Ms. Psaki confirmed that one of the kidnapped boys – Naftali Frankel of Nof Ayalon – is an American citizen, but most she did not even take the trouble to learn his name. “I believe his name has been reported,” she said in a Wednesday press briefing, but “I don’t have it in front of me right now.”
Asked if the U.S. bears any responsibility for the kidnapping, given its support for the new Fatah-Hamas government, Psaki allowed that Hamas is a terrorist organization, but that “we do not believe that Hamas plays a role in the government.” After further “nudging” by reporters, she finally acknowledged that “if we again were to find that an entity that we work with does not abide by the [Quartet’s] principles, we would re-evaluate our support and relationship.”
The second example of business as usual concerns Australia’s stance on Jerusalem. As recently reported, Australia had announced it would no longer term eastern Jerusalem an “occupied” area. Foreign Minister Julia Bishop said she knew of no law rendering the Jewish communities in Judea and Samaria illegal, and other Australian politicians echoed these sentiments. Calling the communities “illegal” does not help the peace process, Liberal MP Wyatt Roy stated, and even more significantly, Attorney General George Brandis refused, even under strong questioning in the Senate, to say that eastern Jerusalem is ”occupied” by Israel.

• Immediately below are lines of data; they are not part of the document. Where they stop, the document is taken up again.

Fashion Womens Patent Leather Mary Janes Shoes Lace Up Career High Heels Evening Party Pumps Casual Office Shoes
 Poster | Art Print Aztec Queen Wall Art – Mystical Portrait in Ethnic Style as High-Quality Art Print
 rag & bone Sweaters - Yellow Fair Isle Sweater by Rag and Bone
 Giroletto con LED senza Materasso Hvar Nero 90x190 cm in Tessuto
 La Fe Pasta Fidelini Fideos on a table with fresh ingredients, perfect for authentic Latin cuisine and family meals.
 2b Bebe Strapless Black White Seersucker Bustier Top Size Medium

Crystallizing the Australian stance was Prime Minister Tony Abbott, who did not hesitate to advise his American hosts this month that it would be advisable for them “not to use terms which suggest that matters have been prejudged.… The truth is they’re disputed territories.”
Abruptly, however, in the midst of the terrorist kidnap crisis, Australia “clarified” last week that actually its position on “the legal status of the Palestinian territories, including east Jerusalem,” had not changed. This was clearly the result of heavy pressure from Arab countries, including an implied threat of a boycott.
Foreign Minister Bishop met with Islamic and Arab national ambassadors, and said afterward that her country’s position is “consistent with relevant UN resolution adopted over many years, including UN Security Council Resolutions 242 and 338.” She also wrote that the idea of not referring to Jerusalem as occupied is “about nomenclature, and not a comment on the legal status of the Palestinian territories.”
Interestingly, rather than bemoan the apparent Arab success in influencing Australian policy, we might be encouraged that the Australian cave-in appears to be quite minor. If, as Minister Bishop explained, the Australian position is limited to “nomenclature,” and Australia makes sure not to refer to “occupied East Jerusalem,” supporters of a unified Jerusalem under Israeli sovereignty have reason to celebrate. For “nomenclature” is truly the name of the game. The choice of words used by the media and public officials in describing current events is critical on the public relations battlefield, as even occasional news consumers are well aware.
As evidence, note the strenuous efforts of Islamic terrorists to ensure that the world media refer to them merely as “militants.” They have been quite successful: A Google search of the term “ISIS militants” – referring to the soon-to-be conquerors of Iraq who have been described as more cruel than al Qaeda – brings up 4.37 million instances, nearly 50 times more than “ISIS terrorists.”